──────── Recorded information

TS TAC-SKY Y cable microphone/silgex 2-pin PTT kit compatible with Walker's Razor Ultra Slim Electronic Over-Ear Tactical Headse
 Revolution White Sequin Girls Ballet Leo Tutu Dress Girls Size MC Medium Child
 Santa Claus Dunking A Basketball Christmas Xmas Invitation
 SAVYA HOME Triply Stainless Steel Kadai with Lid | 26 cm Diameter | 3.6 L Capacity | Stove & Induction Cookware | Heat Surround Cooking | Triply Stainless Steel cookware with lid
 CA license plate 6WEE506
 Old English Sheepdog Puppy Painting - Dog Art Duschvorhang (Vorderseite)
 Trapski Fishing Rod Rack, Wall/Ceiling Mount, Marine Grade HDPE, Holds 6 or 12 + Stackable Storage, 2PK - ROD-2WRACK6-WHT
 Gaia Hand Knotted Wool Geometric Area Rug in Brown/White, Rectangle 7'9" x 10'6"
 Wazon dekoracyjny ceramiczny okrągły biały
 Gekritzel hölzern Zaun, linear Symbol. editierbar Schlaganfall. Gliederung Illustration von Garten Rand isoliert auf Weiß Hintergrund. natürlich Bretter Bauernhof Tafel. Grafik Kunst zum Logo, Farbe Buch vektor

────────────────

▶ Task statement
Write out the records above exactly, from the opening line to the line with "Santa Claus Dunking", including both, with nothing added.

▶ Your response
TS TAC-SKY Y cable microphone/silgex 2-pin PTT kit compatible with Walker's Razor Ultra Slim Electronic Over-Ear Tactical Headse
 Revolution White Sequin Girls Ballet Leo Tutu Dress Girls Size MC Medium Child
 Santa Claus Dunking A Basketball Christmas Xmas Invitation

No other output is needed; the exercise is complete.